While trying to assist a few seniors, we have created a technological marvel of a health care system that we simply cannot afford. We used the potential savings of 40 cohorts to create this, but they have no resources with which to take advantage of it.

Unintended Consequence: Social Security

Social Security

Objective was to entice older workers to leave the work force in exchange for money to make room for younger workers. However, instead it did;

  • Increase in SS-OASI tax has reduced the US Savings rate.
  • Increased the cost of doing business
  • Increased the cost consumers pay for items
  • Shipped labor-intensive jobs over seas to lower cost countries.
  • Due to the large increases in the FICA tax in the late 60's and early 70's the Earned Income Credit was created by congress. Its objective was to compensate low income workers for paying higher FICA taxes. The problem was that the compensation came from general revenues, not FICA taxes. Sincere there has not been a general budget surplus since 1956, the direct impact of this legislation due to FICA has added $1 Trillion to the National Debt.

For 71 years Social Security paid benefits far in excess of what it could have. It was able to do this by draining the paychecks of workers. This caused workers to take out longer loans (30 year mortgage versus 10 years). This lowered the velocity of money through the economy,

It has also artificially priced retirement. Now that the system has reached maturity, the mature cost of the program is coming due.

Social Security helped millions of people and lifted living standards for seniors dramatically above what the economy could have sustained individually at the expense of three entire generations; baby boomers, generation x and generation y.

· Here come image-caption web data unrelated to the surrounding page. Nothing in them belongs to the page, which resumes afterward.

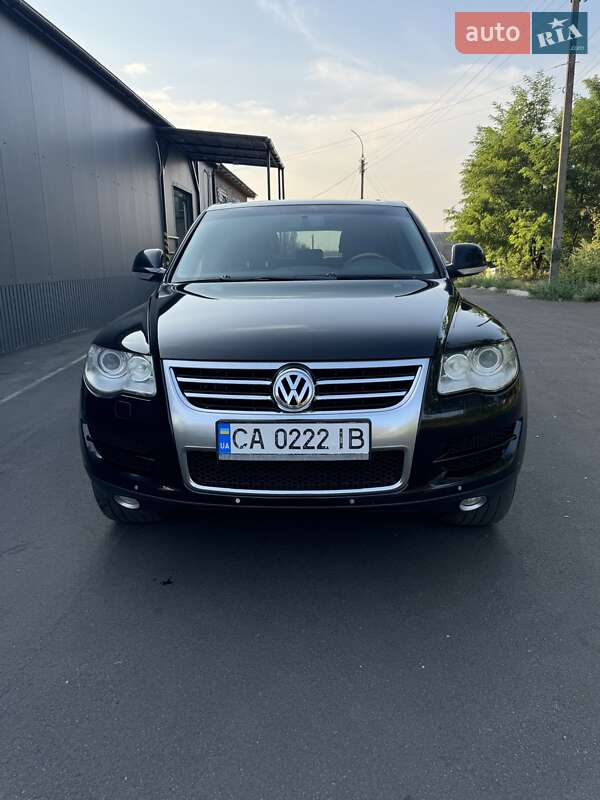 2007 volkswagen touareg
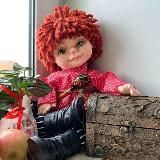 Куклы и игрушки (выкройки,МК )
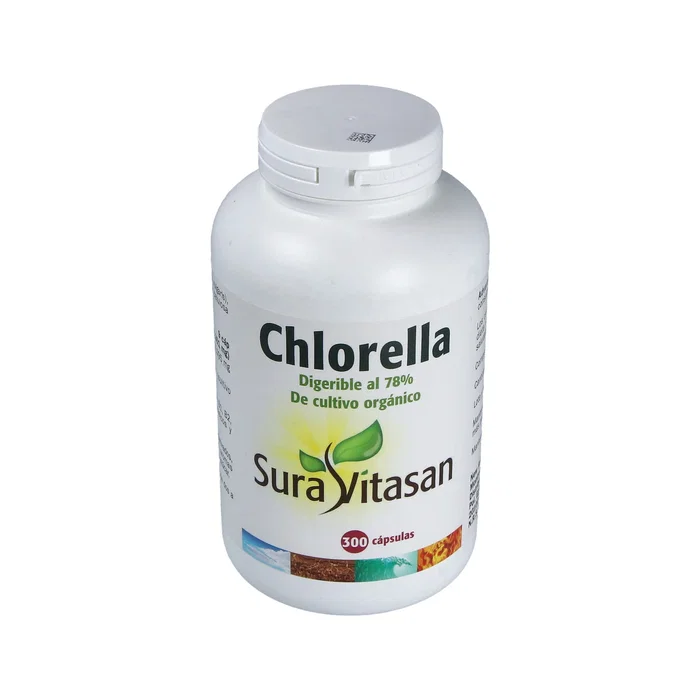 Sura Vitasan Chlorelle 300 capsules de 455mg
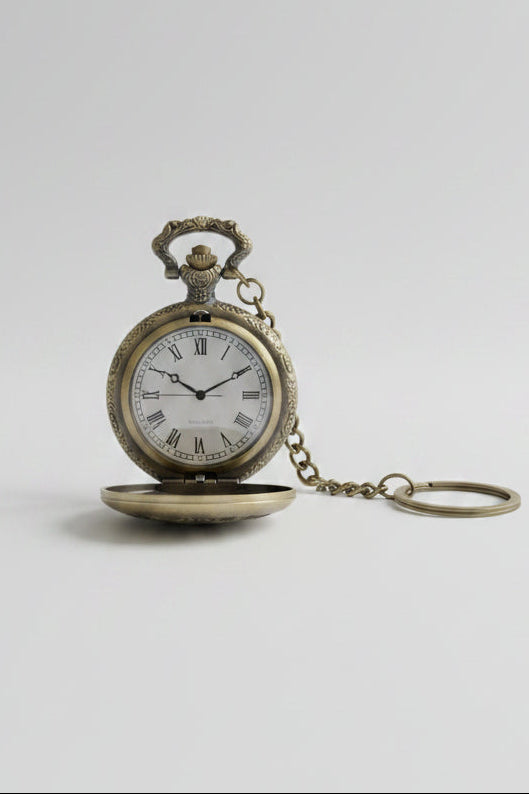 Julley Ladakh Spiritual Keychain with Clock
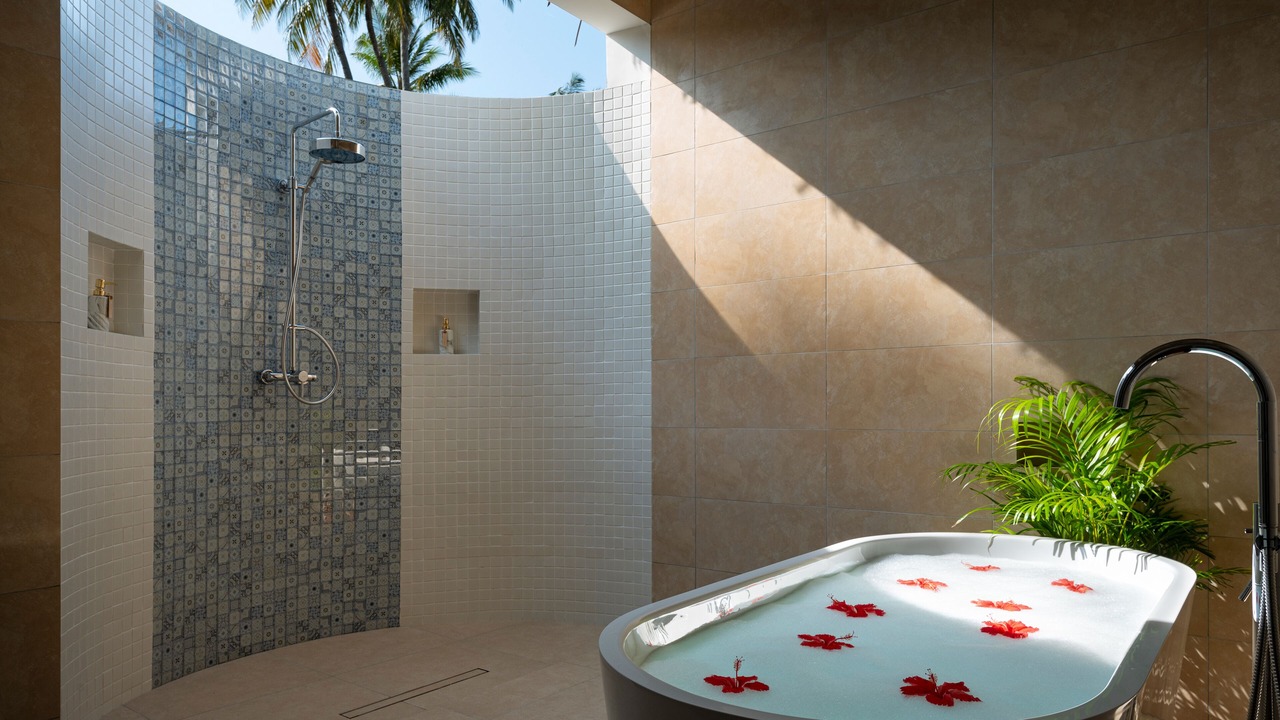Photo of Bathroom in Bandos Island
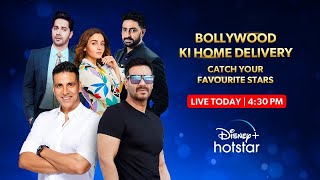 Disney+ Hotstar | Bollywood Ki Home Delivery Livestream screenshot 5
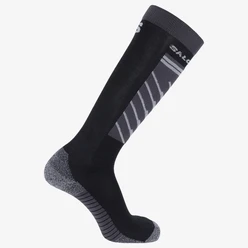 Lyžiarske ponožky Salomon S/ACCESS deep black/ebony/frost gray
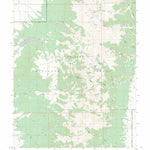 South Shoshone Peak, NV FSTopo Legacy Preview 1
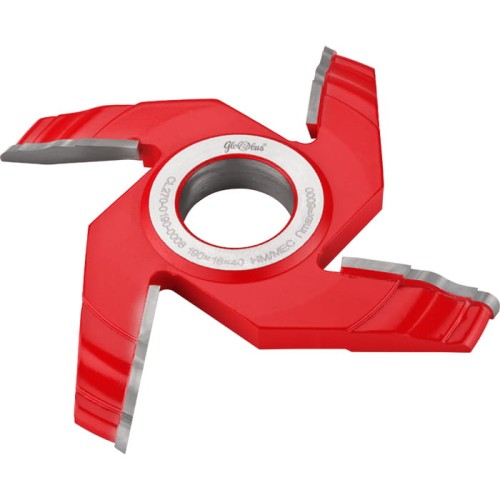 Frez HM nasadzany do płycin 160x40x15/4z. narzedziowski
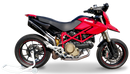 HPCorse - EvoXtreme 310mm Exhaust for Ducati Hypermotard 1100 '07-'12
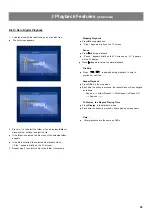 Preview for 35 page of Targa DR-5200x Operating Instructions Manual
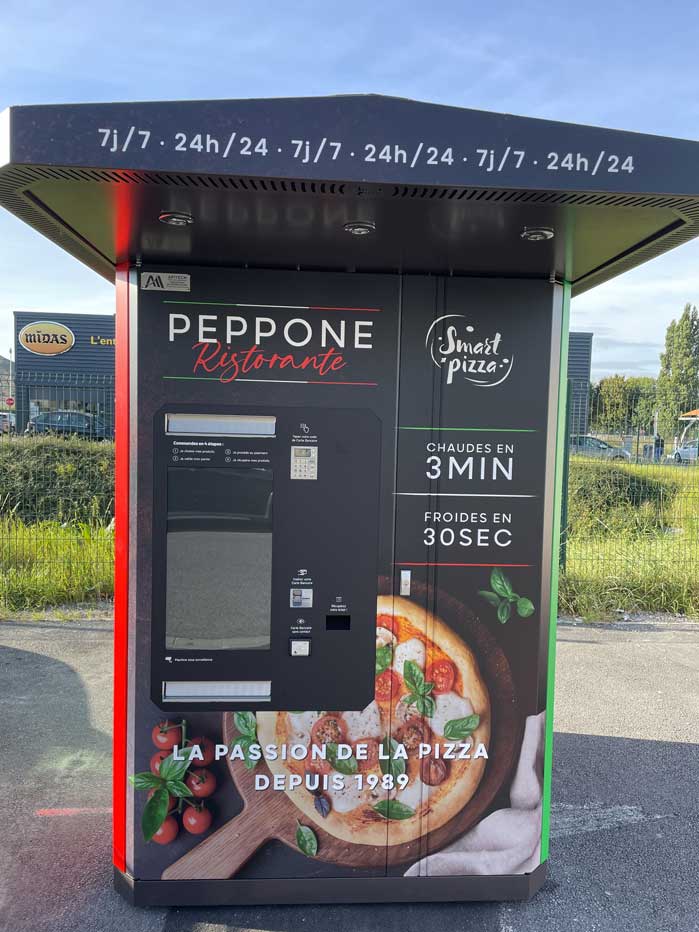 Chez Peppone Restorante Distributeur de Pizzas Denain
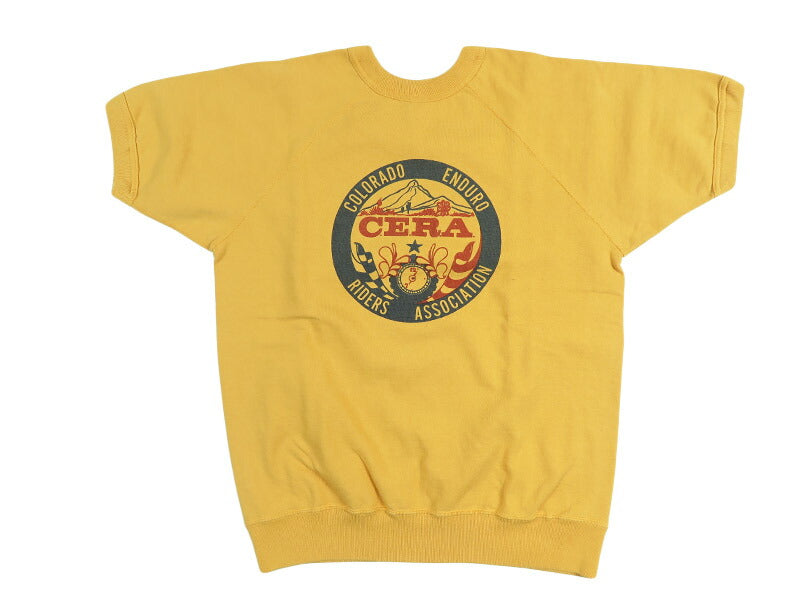 ウェアハウス WAREHOUSE 半袖 スウェット Tシャツ "C.E.R.A." 2ND-HAND セカンドハンド セコハン 4104 【2026年春夏新作】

Since 1983, social security has been working on resolving its latest funding problem. It is no closer to a solution now than it was in 1937. Social security has earned 8.6% compounded continuously since 1980, but as a middleman will pay you a 0% return. A program that pays those born after 1985 just 29 cents in benefits for each dollar of taxes and credited interest is not fair. Americans want value for their dollar. You can buy a value meal at about any fast food chain consisting of a sandwich, fries and drink for about $4.00. If Social Security were to pay for a value meal, it would cost you $13.79. If we want to save social security, then each adult must send a check today to social security for over $100,000, or cut benefits by 40% or raise taxes by 85%. There simply is no painless solution. How firm are you on saving social security? I propose all workers keep their social security old age tax paid by employee and employer in their own accounts. Seniors who are found to be in need would be paid a means tested benefit of $1,214 a month.


The bailout will extend the duration of this problem. It will spread the cost among those who had no part in its making. These homes that are the subject of subprime loans were sold to those who could least afford them. These loans artificially increased the stock of homes in the U.S. This means until new qualified buyers come along that do not already own homes, there will be substantially fewer homes being built and depressed home values. This could take a very long time considering that only 45% of households are financially capable of owning and maintaining a home.

When Congress passed legislation to increase home ownership, it did not increase the ability to own and maintain a home. This means there could be as much as a 25% surplus in the U.S. housing market.

Transferring the cost of maintaining and disposing of these homes to taxpayers will increase the National Debt causing oil and other commodities to increase in cost. This is a zero sum option with high risk. Therefore, we should not bail out those who made profited from high risk investments.

This mess was caused by unintended consquences. The objective was to increase home ownership. Our elected representatives created this mess by straying from the core responsibilities of the Federal Government. What can all Americans do about this? VOTE THEM ALL OUT!